E Schettino chiese: ««E allora stiamo andando a fondo praticamente? Non l'ho capito» «Sì, sta l'acqua fino all'officina»: così, sei minuti dopo l'urto il comandante della Concordia Schettino seppe che la nave era persa. E' quanto emerge da una conversazione delle 21.51 fatta sentire per la prima volta al processo di Grosseto. Schettino chiedeva della situazione al direttore di macchina Giuseppe Pilon, oggi teste in aula, che gli risponde. Nella conversazione, con telefoni interni della nave, delle 21.51 Schettino aveva iniziato a domandare a Pilon: «Ma almeno un motore si può accendere?». E il direttore di macchina: «Stiamo andando giù a vedere, non possiamo entrare in macchina, e' arrivata l'acqua fino all'officina, non possiamo andare giù». Quindi Schettino: «E allora stiamo andando a fondo praticamente, non l'ho capito?». Pilon risponde: «Sì, sta l'acqua fino all'officina. Comandante fammi scendere a controllare». Nella stessa testimonianza il Pm Leopizzi ha fatto ascoltare altre conversazioni captate dalla scatola nera della nave. La prima, tra plancia di comando e sala macchine – ai ponti inferiori venne subito compresa la gravità dell'incidente – fu alle 21.49. Schettino chiese a Pilon: «Ci sta rientrata l'acqua?». Pilon: «Hai voglia, lato dritto sto scendendo». E Schettino, incredulo: «C'è assai l'acqua?». Pilon: «C'è acqua, non si può scendere.

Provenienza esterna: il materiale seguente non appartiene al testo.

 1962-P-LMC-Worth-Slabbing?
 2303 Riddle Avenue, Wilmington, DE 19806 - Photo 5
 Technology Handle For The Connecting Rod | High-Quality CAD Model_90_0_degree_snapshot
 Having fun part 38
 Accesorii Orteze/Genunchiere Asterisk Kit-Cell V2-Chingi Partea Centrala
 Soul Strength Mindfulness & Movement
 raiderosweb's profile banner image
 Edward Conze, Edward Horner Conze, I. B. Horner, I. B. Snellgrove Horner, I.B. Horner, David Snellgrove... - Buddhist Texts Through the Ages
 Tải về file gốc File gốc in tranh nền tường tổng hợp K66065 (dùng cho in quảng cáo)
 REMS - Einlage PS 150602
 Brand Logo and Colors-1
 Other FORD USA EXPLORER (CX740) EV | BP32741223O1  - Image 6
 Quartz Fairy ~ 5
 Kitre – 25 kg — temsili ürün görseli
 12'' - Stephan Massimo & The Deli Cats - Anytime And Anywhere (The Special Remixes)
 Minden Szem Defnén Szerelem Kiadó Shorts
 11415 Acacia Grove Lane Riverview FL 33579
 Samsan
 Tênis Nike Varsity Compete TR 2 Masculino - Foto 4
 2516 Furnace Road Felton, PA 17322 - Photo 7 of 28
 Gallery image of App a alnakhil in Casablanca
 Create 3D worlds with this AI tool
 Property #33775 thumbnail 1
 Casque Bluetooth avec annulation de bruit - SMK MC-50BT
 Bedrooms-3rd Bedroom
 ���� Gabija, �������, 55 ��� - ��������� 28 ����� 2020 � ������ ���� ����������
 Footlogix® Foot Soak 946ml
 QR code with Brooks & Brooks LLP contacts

Ti metto in moto le pompe d'emergenza». Ancora Schettino: «Allora dobbiamo dare fondo all'ancora». Due minuti dopo Schettino diventa consapevole dell'affondamento. Poi una terza conversazione fatta sentire sempre durante la testimonianza di Pilon. E’ delle 22.10. Schettino: «Direttore su che corrente siamo?». «Abbiamo agganciato il diesel d'emergenza», rispose Pilon. «Ma abbiamo almeno un locale di generatori diesel disponibile?». E il direttore di macchina: «E’ tutto allagato … è partita, nella preparation l'acqua usciva dalla parte superiore della porta stagna». Schettino: «E allora dove abbiamo toccato? Vedo che il vento ci sta spingendo fuori qua. Voglio sapere: se abbiamo i motori 4, 5 e 6». «Comandante non ce li abbiamo», risponde Pilon con voce desolata, finché il direttore di macchina alle insistenti richieste di Schettino sbotta dicendo: «Qui comandante è tutto perso».